▶ Task details: Since only part of the material below is wanted, output exactly the lines from the one with "Sure Hotel By" up to and including the one with "Waterfront Land in Oriental, NC".

[[ Supplied records, beginning ]]

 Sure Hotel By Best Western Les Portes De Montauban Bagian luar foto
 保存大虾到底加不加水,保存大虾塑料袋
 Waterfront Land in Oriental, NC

[[ Supplied records, end ]]
[[ Supplied records, beginning ]]

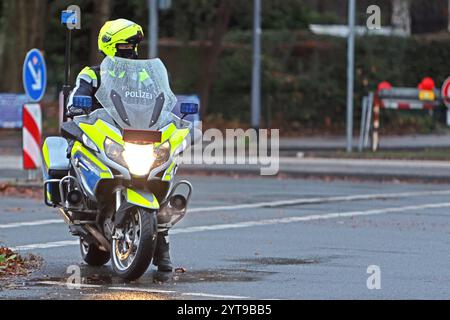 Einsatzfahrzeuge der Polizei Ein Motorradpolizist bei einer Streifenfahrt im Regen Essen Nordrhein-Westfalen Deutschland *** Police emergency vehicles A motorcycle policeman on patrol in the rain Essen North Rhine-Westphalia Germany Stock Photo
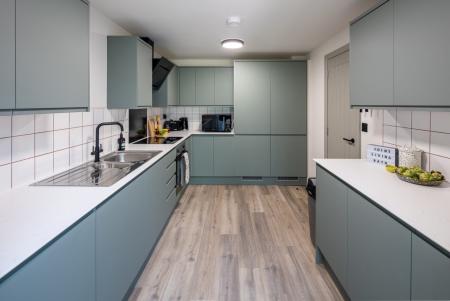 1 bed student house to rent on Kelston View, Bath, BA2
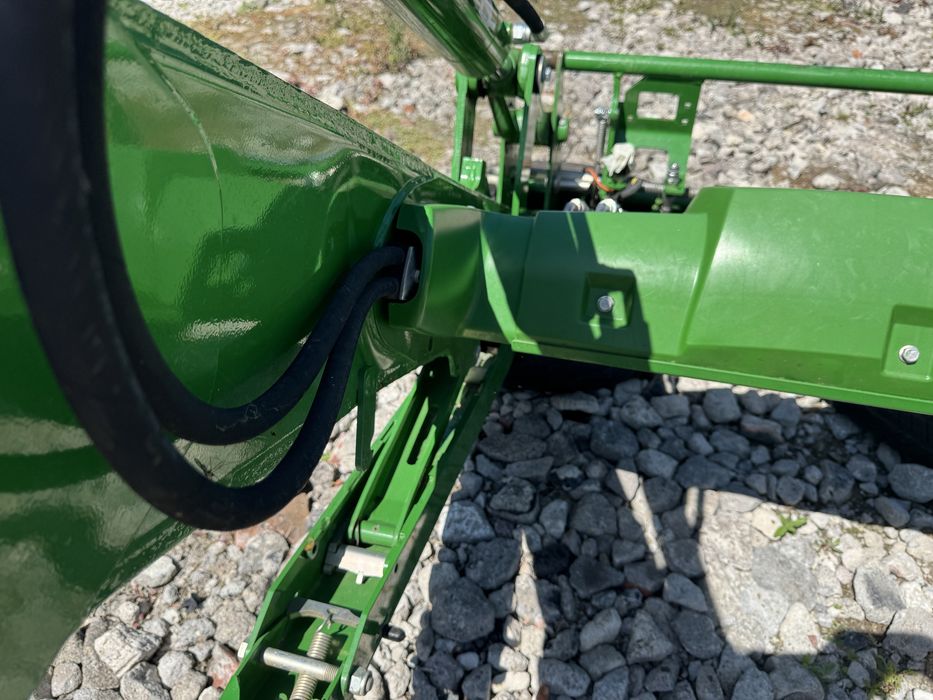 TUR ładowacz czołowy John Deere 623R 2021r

[[ Supplied records, end ]]
[[ Supplied records, beginning ]]

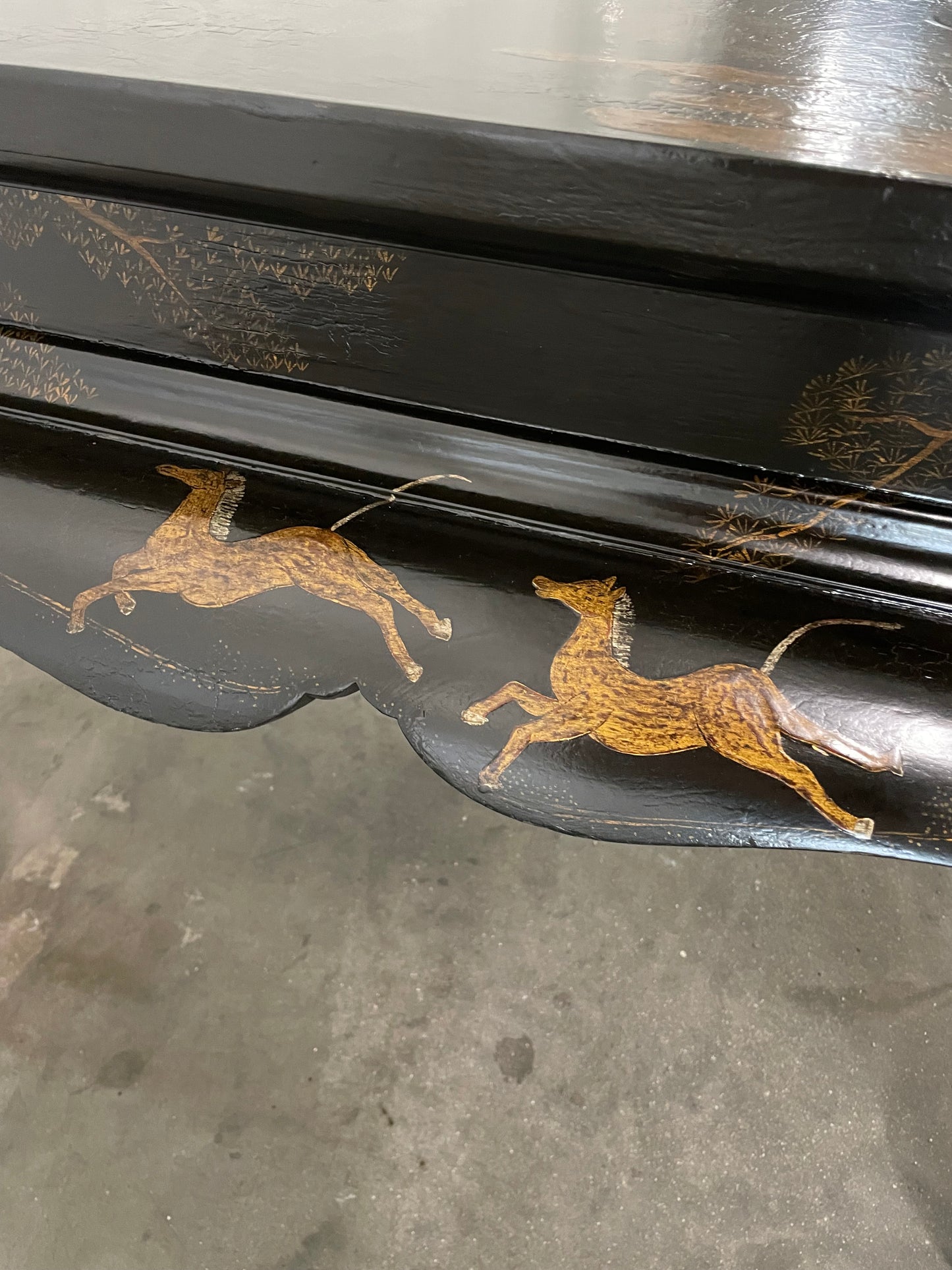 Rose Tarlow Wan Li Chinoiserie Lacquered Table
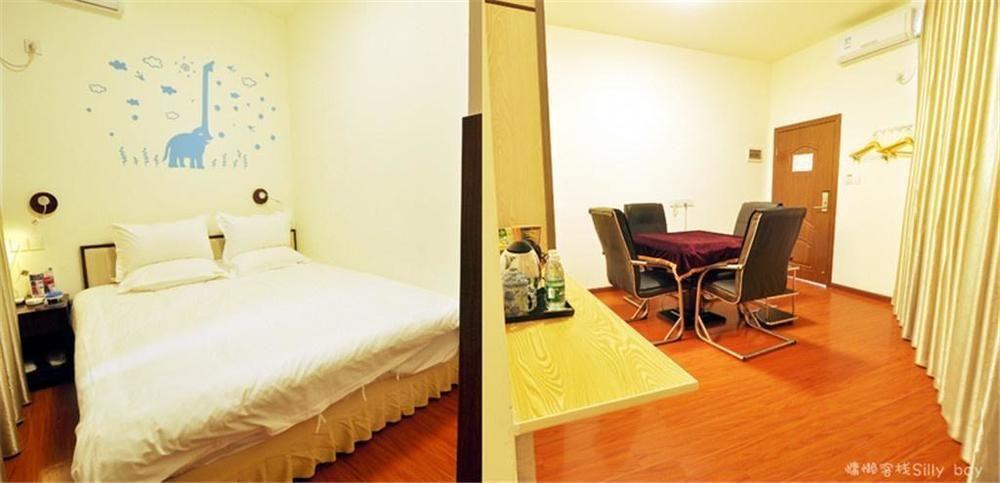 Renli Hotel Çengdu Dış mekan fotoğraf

[[ Supplied records, end ]]

▶ Task answer:
 Sure Hotel By Best Western Les Portes De Montauban Bagian luar foto
 保存大虾到底加不加水,保存大虾塑料袋
 Waterfront Land in Oriental, NC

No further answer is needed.